* WHAT TO PRODUCE: Print exactly the lines below between the line containing "Images Best Western" and the line containing "CITROEN C4 2024 - Photo n°13", counting both of those lines. Leave pictures out.

* ENTRIES SHOWN:
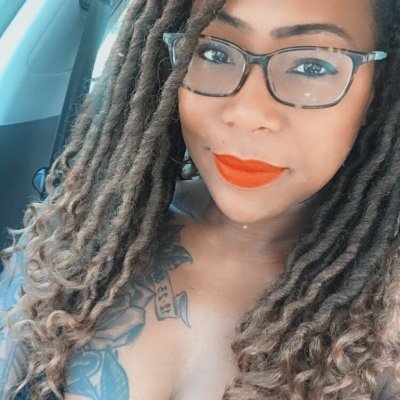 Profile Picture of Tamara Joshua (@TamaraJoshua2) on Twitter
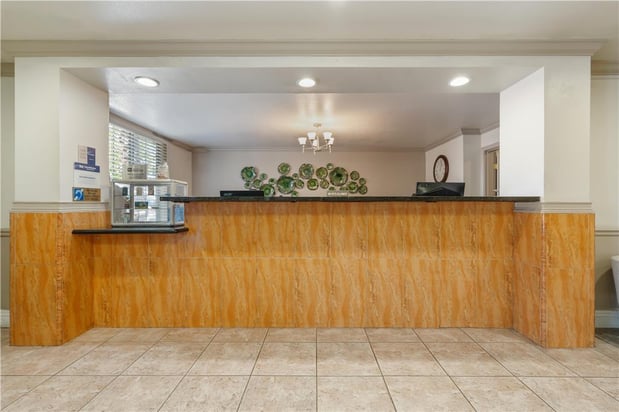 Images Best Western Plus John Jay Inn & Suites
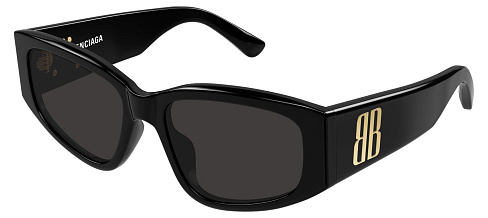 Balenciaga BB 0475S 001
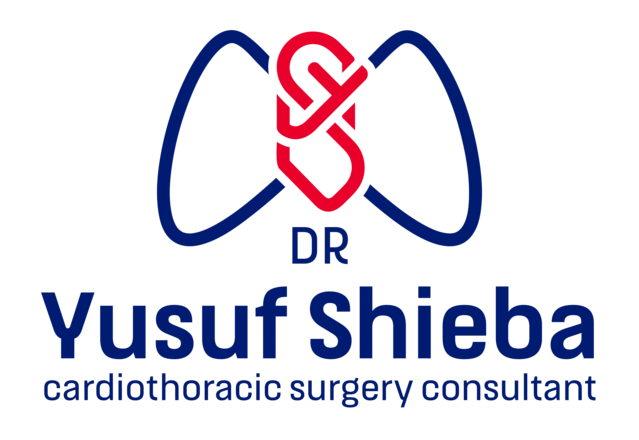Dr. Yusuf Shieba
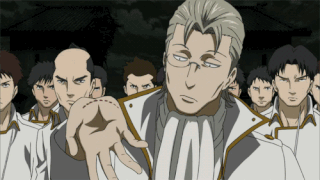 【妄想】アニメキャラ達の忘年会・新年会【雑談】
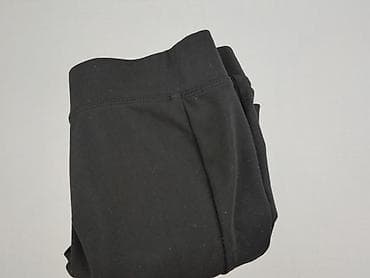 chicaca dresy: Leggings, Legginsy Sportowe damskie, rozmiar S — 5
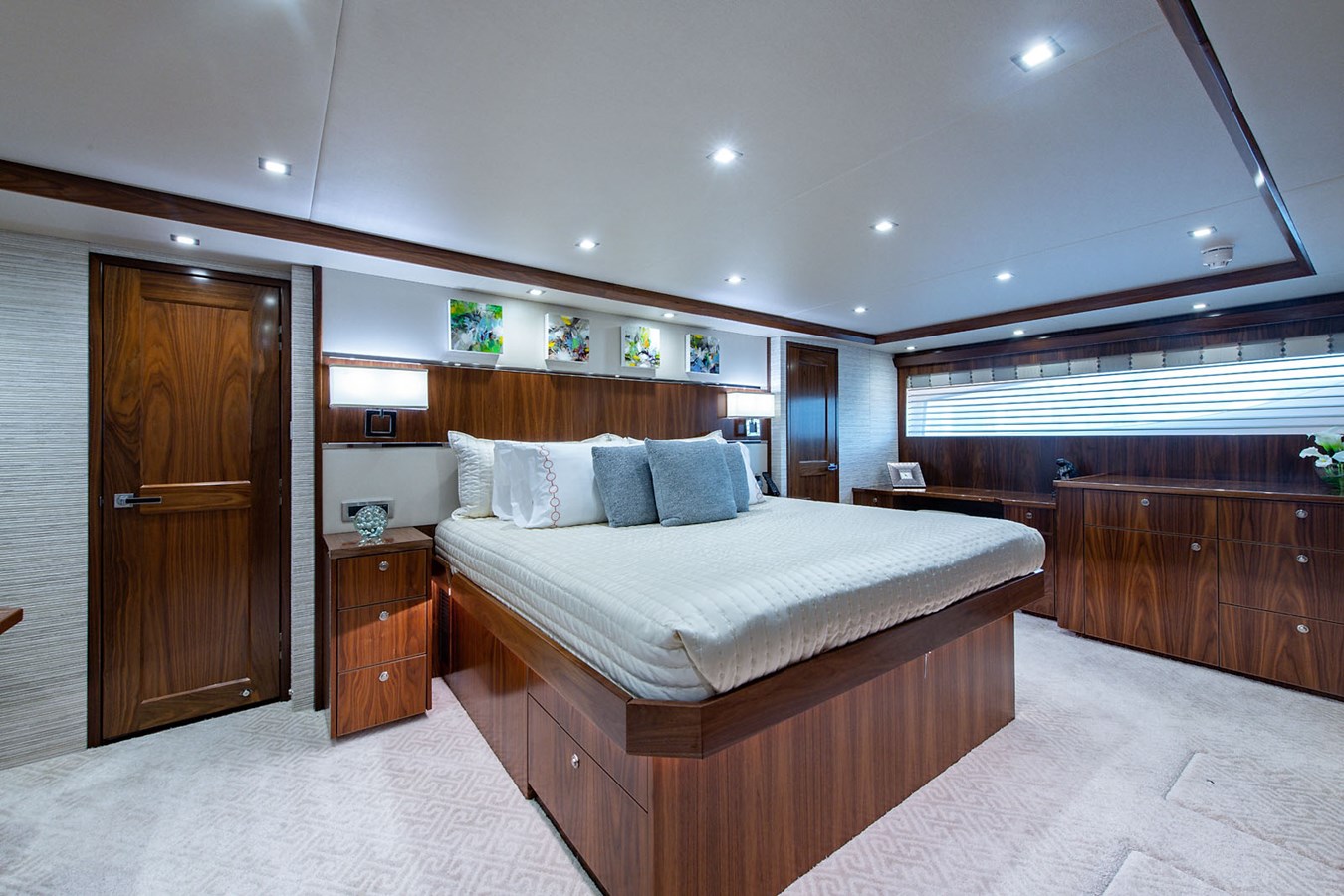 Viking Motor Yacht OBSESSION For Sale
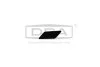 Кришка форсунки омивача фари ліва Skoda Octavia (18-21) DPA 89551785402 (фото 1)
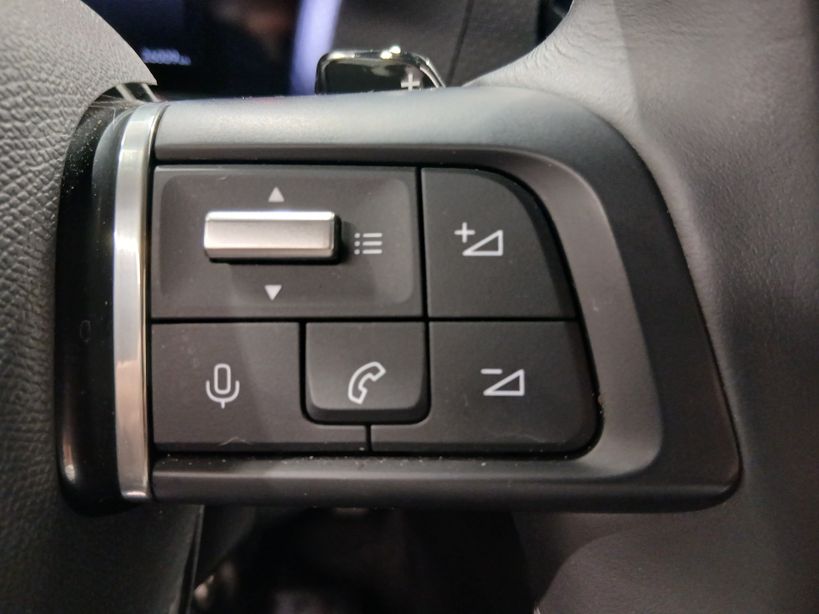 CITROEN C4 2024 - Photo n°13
* * *
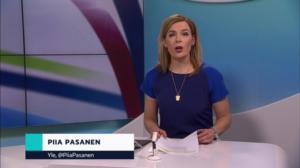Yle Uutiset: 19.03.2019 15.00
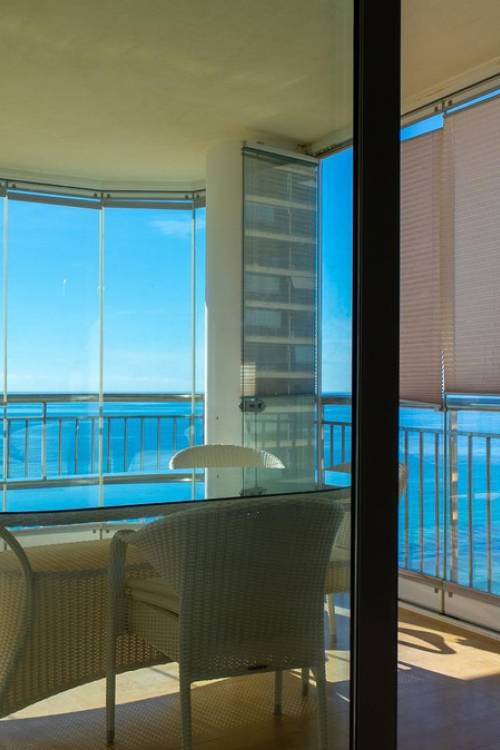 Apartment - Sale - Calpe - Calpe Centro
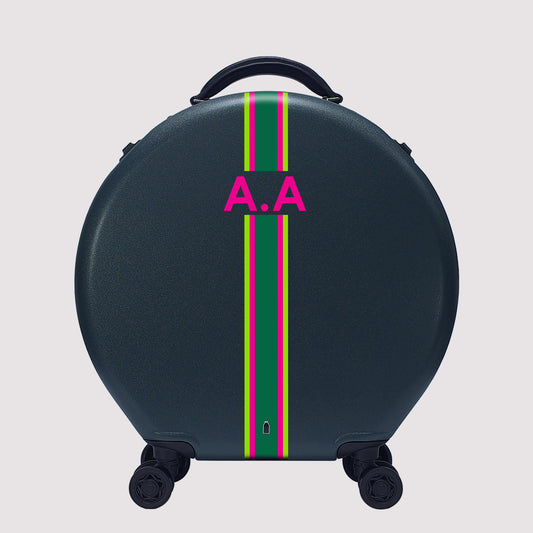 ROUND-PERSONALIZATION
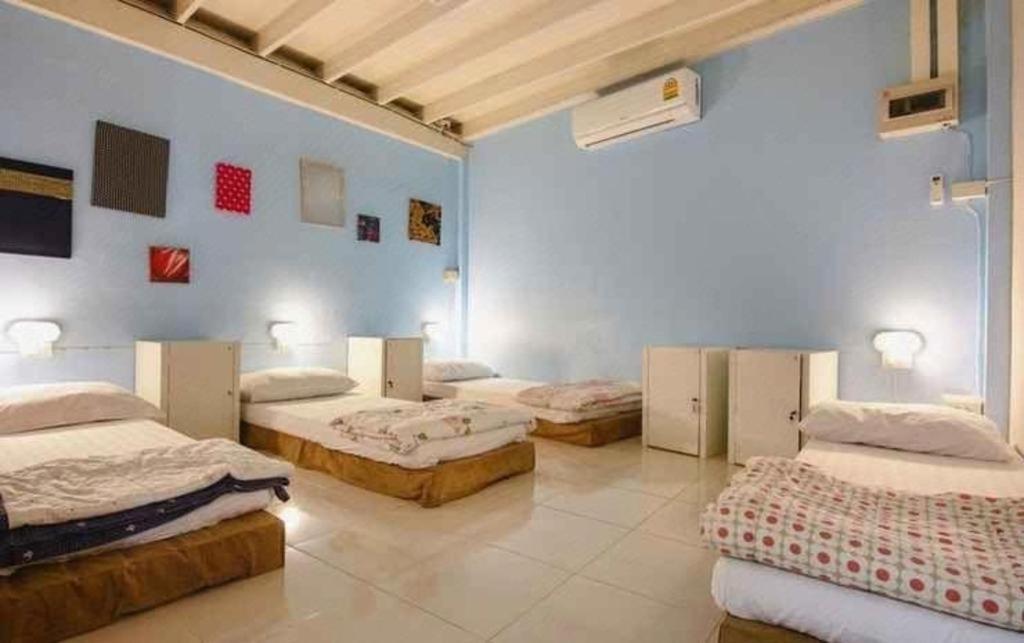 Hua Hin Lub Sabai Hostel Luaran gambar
==
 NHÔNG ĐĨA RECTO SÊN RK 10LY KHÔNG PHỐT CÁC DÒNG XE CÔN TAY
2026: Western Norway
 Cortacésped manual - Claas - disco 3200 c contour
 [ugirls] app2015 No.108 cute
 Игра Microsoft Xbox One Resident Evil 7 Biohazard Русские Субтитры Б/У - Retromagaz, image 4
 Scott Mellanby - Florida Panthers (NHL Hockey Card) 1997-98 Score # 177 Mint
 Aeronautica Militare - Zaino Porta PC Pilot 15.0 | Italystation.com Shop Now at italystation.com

* ANSWER TO THIS EXERCISE:
 Images Best Western Plus John Jay Inn & Suites
 Balenciaga BB 0475S 001
Dr. Yusuf Shieba
 【妄想】アニメキャラ達の忘年会・新年会【雑談】
 chicaca dresy: Leggings, Legginsy Sportowe damskie, rozmiar S — 5
 Viking Motor Yacht OBSESSION For Sale
 Кришка форсунки омивача фари ліва Skoda Octavia (18-21) DPA 89551785402 (фото 1)
 CITROEN C4 2024 - Photo n°13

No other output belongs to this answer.